◆ Problem:
Print out the data below in full and exactly, skipping the pictures.

◆ Data provided:
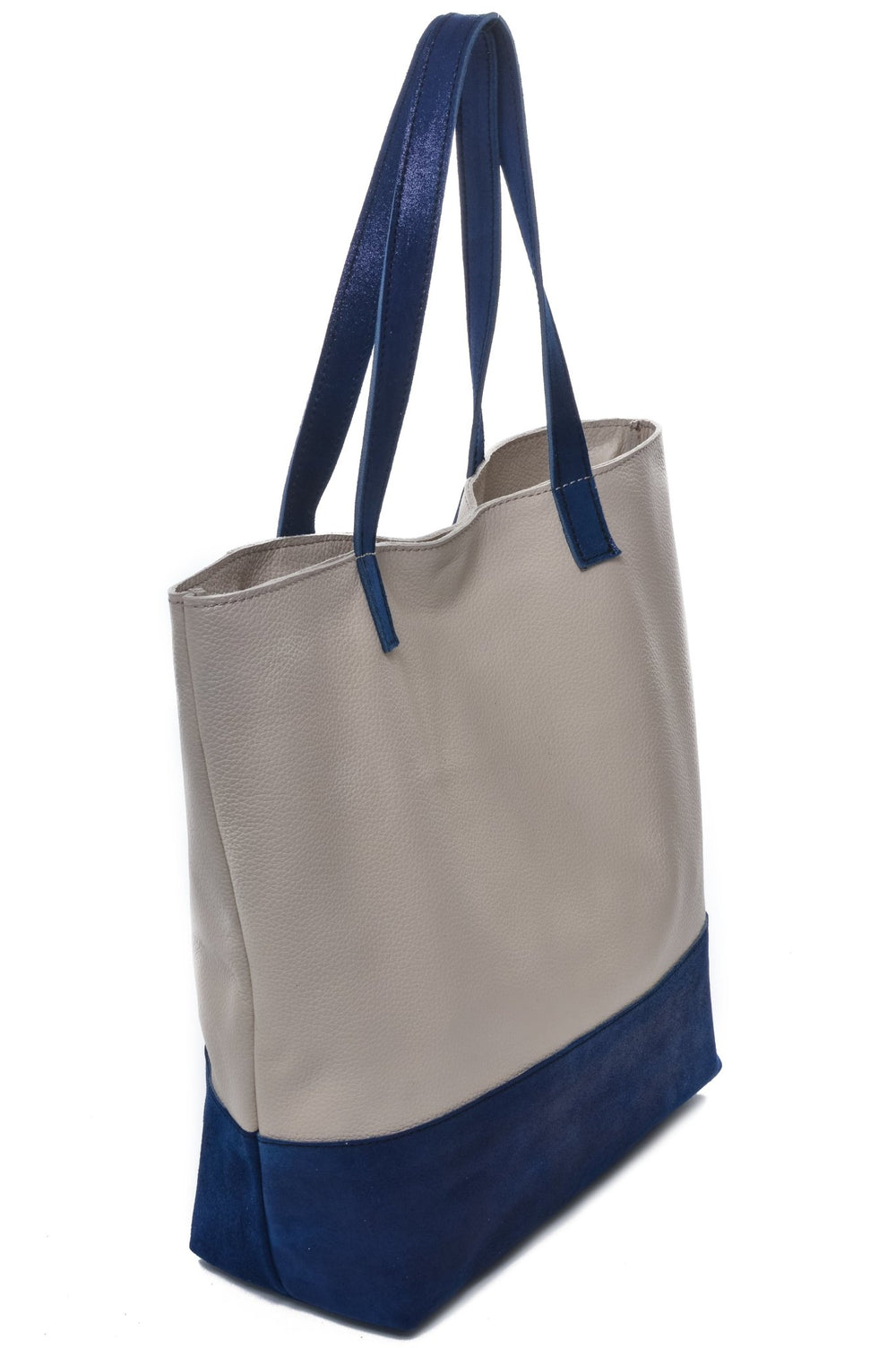 KEIRA Off White Navy Shimmer - Carla Mancini Handbags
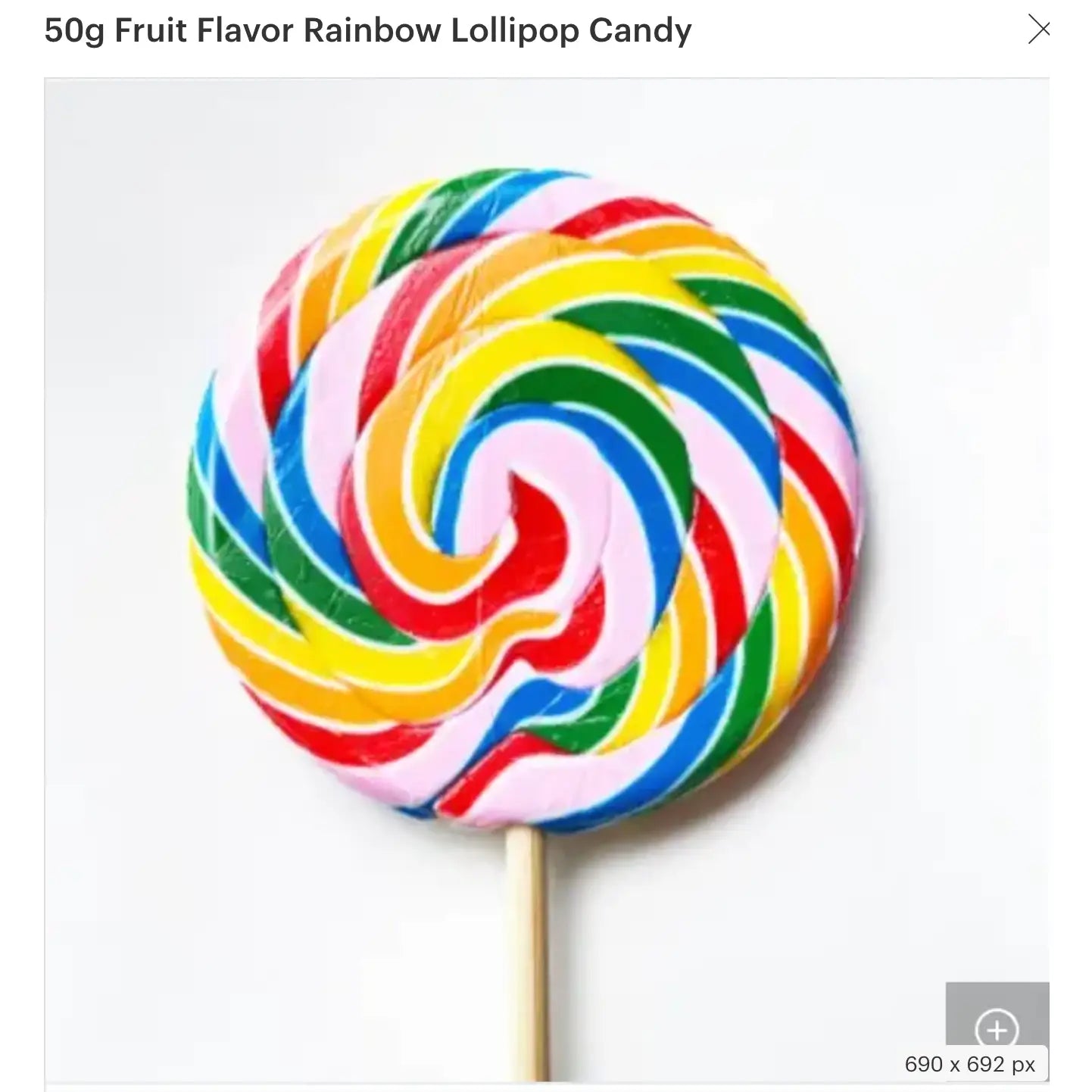 Fruit Flavor Rainbow Lollipop
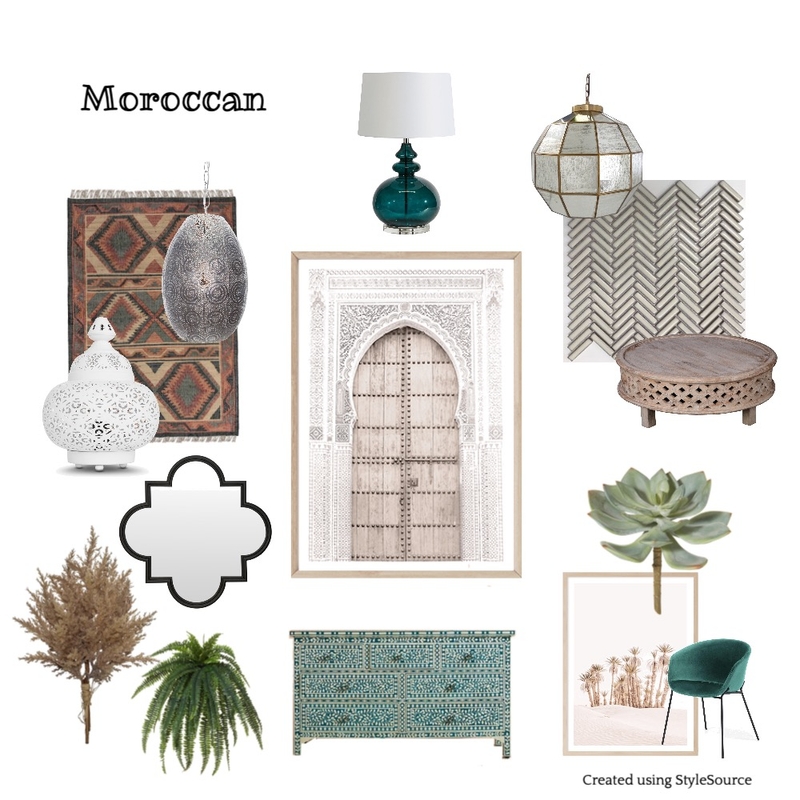 Moroccan Mood Board by Ceilidh on Style Sourcebook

◆ Solution for this problem:
 KEIRA Off White Navy Shimmer - Carla Mancini Handbags
 Fruit Flavor Rainbow Lollipop
 Moroccan Mood Board by Ceilidh on Style Sourcebook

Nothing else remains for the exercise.